→ **What you have to do**
The required answer is an exact copy of every line from the beginning of the entries through the line with "25 Colors Wudang", with all pictures omitted.

→ **Extracted records**

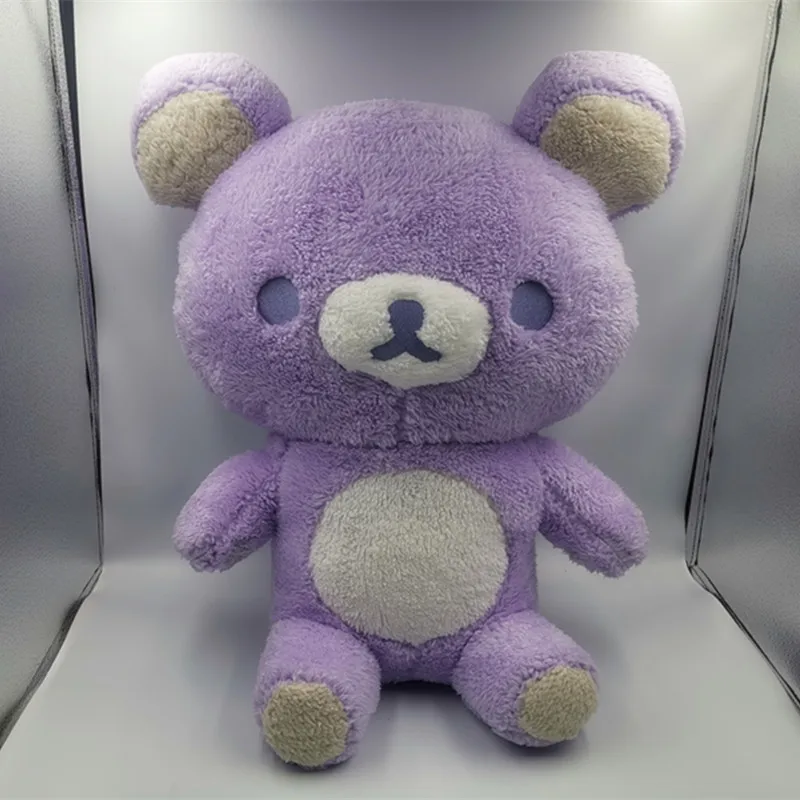 55 гигантский Медведь Rilakkuma, Плюшевый игрушки в натуральную величину расслабляющий Медведь Подушка куклы мягкие животные День Святого Валентина's подружка Gif
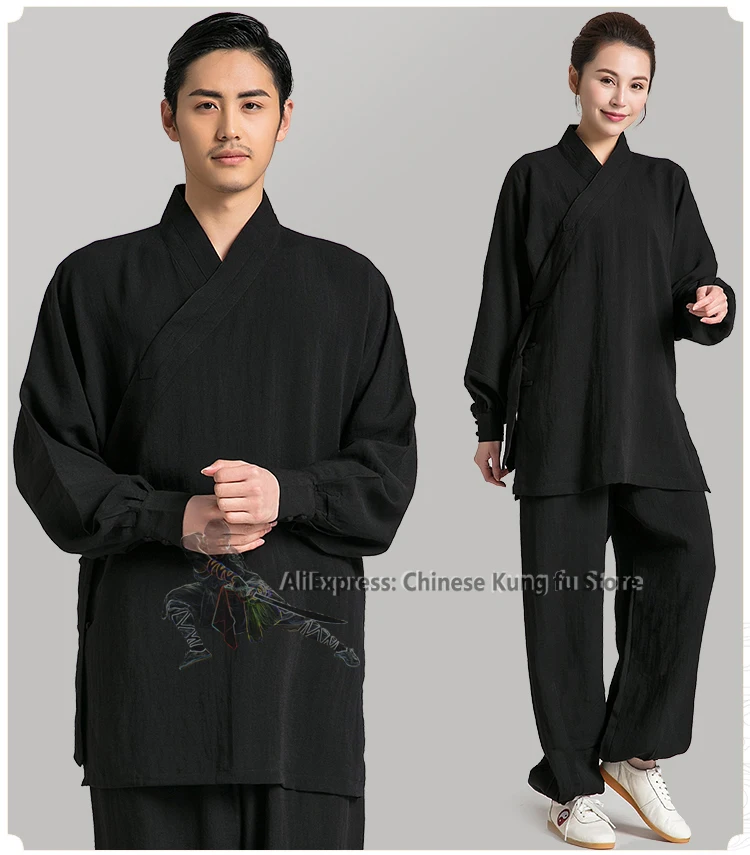 25 Colors Wudang Taoist Robe Kung fu Suit Shaolin Tai Chi Uniform Custom Tailor Need Your Measurements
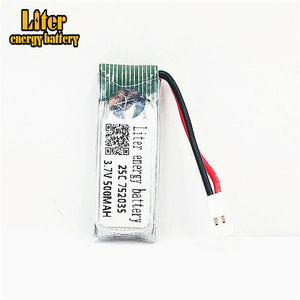 3.7 V 500 mAh 752035 25C Lipo Batterie pour <span class=keywords><strong>Hubsan</strong></span> <span class=keywords><strong>X4</strong></span> H107 H107L H107D JD385 JD388 RC Hélicoptère Quadcopter - Product Image 1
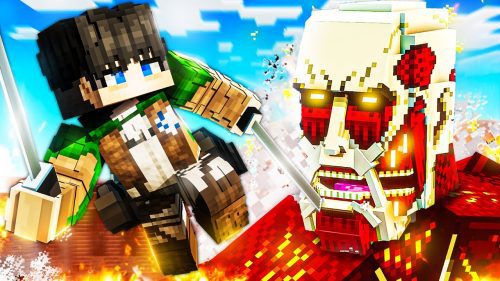 Shingeki No Craft Data Pack (1.20.6, 1.20.2) – Attack On Titan In Minecraft Thumbnail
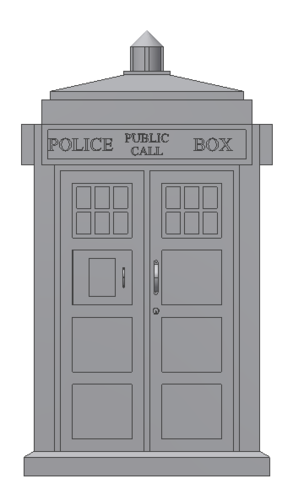 TARDIS - Time And Relative Dimension In Space 3D Print 83492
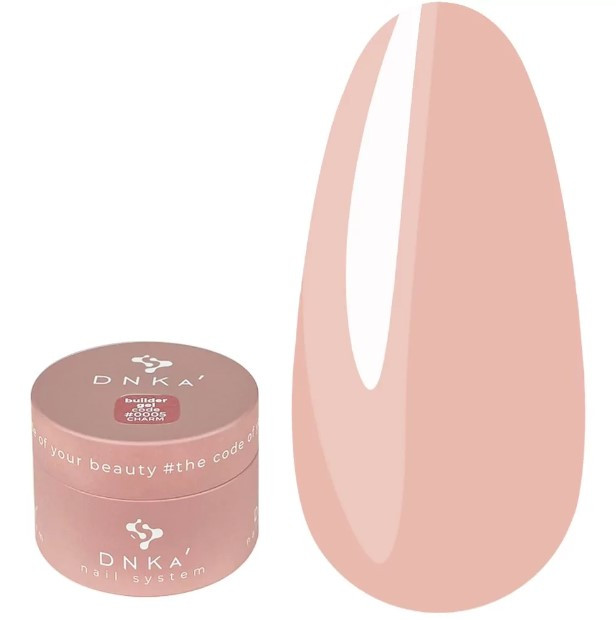 Гель для нігтів DNKa Builder Gel 0005 Charm коричневий 30 мл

→ **The completed task**
 55 гигантский Медведь Rilakkuma, Плюшевый игрушки в натуральную величину расслабляющий Медведь Подушка куклы мягкие животные День Святого Валентина's подружка Gif
 25 Colors Wudang Taoist Robe Kung fu Suit Shaolin Tai Chi Uniform Custom Tailor Need Your Measurements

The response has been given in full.